TASK: Transcribe each line of the material as it is, and drop any picture.

(GIVEN INFORMATION Opens)

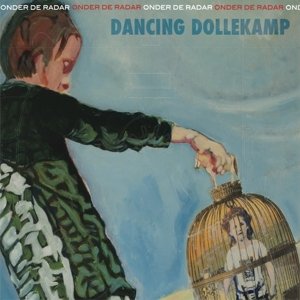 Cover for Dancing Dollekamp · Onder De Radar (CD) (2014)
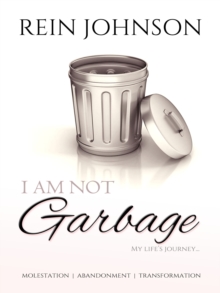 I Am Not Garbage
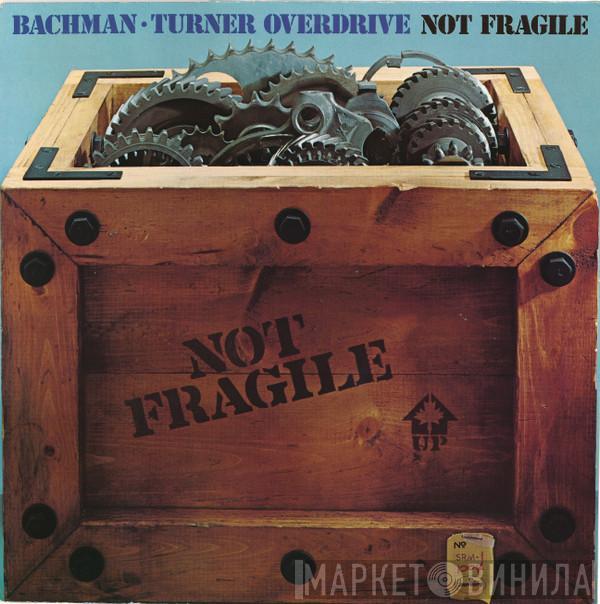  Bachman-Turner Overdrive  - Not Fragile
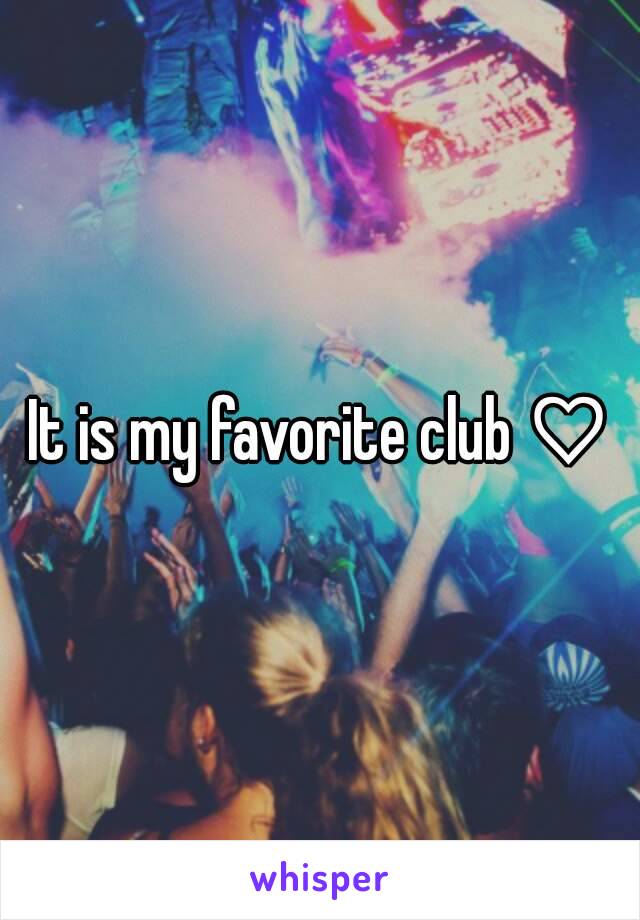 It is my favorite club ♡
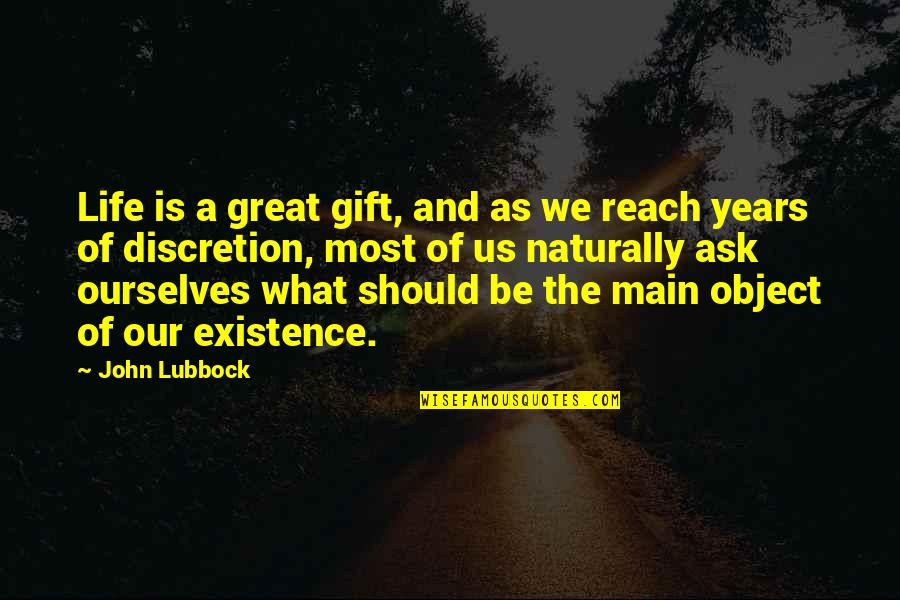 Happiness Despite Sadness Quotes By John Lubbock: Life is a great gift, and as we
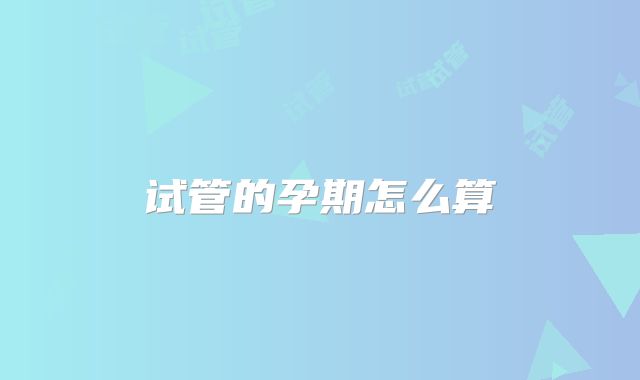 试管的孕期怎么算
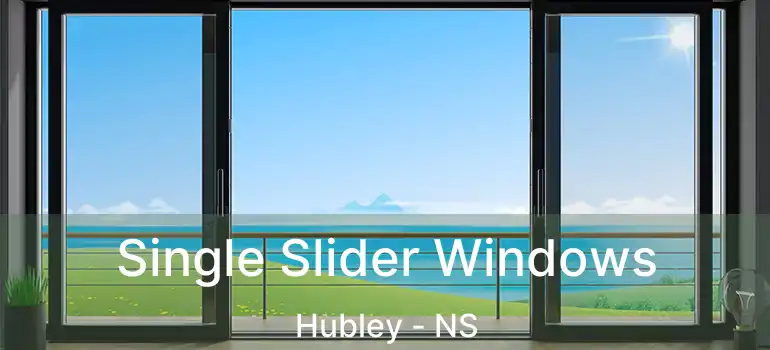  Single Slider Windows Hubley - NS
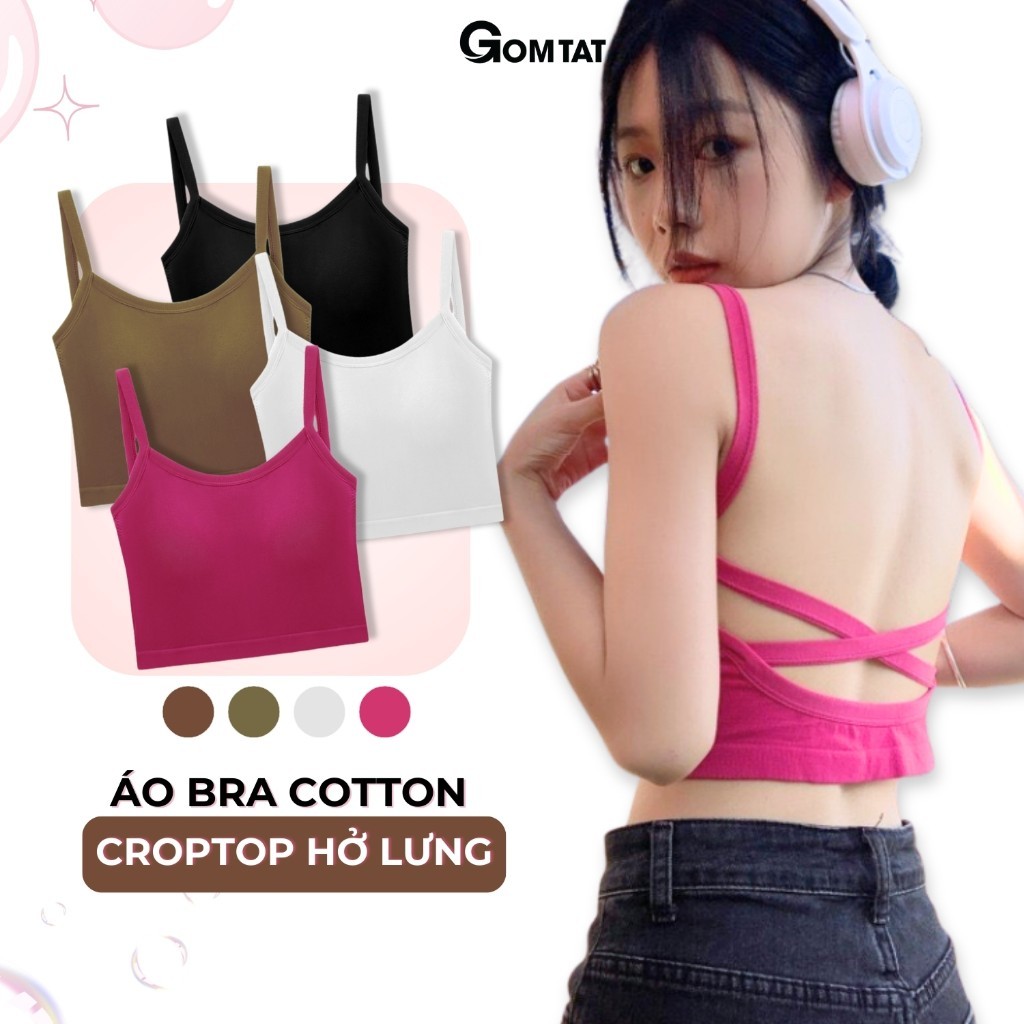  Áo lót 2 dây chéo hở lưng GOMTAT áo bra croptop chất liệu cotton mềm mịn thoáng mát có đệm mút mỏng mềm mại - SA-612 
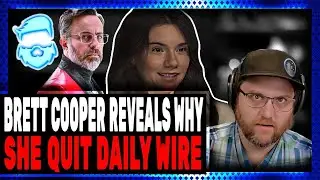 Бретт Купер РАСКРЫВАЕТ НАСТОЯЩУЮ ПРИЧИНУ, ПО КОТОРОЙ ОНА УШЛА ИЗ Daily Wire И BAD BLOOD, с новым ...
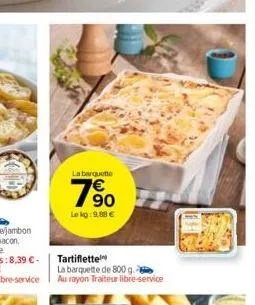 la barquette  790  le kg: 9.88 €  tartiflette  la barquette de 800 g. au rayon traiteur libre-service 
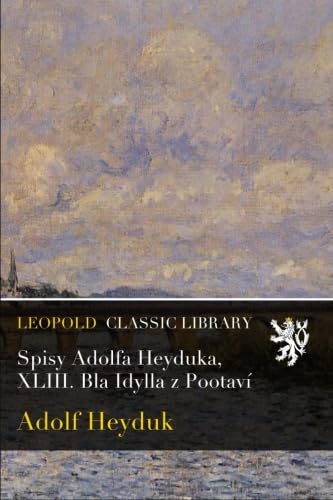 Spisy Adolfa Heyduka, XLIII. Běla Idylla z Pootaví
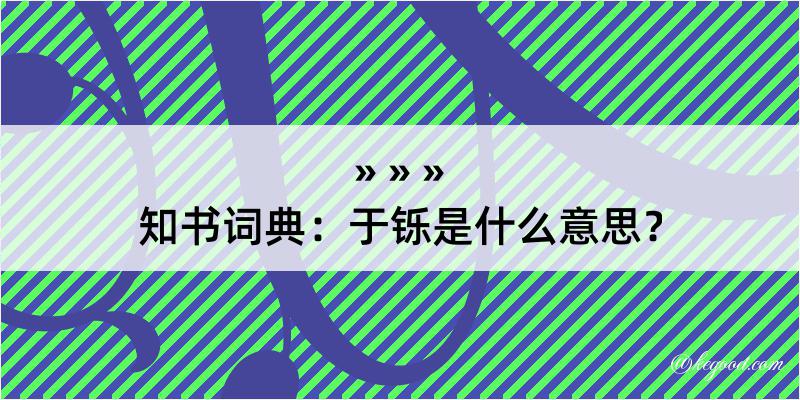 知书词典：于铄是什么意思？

(GIVEN INFORMATION Closes)

WRITTEN RESPONSE:
 Cover for Dancing Dollekamp · Onder De Radar (CD) (2014)
 I Am Not Garbage
  Bachman-Turner Overdrive  - Not Fragile
 It is my favorite club ♡
 Happiness Despite Sadness Quotes By John Lubbock: Life is a great gift, and as we
 试管的孕期怎么算
  Single Slider Windows Hubley - NS
  Áo lót 2 dây chéo hở lưng GOMTAT áo bra croptop chất liệu cotton mềm mịn thoáng mát có đệm mút mỏng mềm mại - SA-612 
 Бретт Купер РАСКРЫВАЕТ НАСТОЯЩУЮ ПРИЧИНУ, ПО КОТОРОЙ ОНА УШЛА ИЗ Daily Wire И BAD BLOOD, с новым ...
 la barquette  790  le kg: 9.88 €  tartiflette  la barquette de 800 g. au rayon traiteur libre-service 
 Spisy Adolfa Heyduka, XLIII. Běla Idylla z Pootaví
 知书词典：于铄是什么意思？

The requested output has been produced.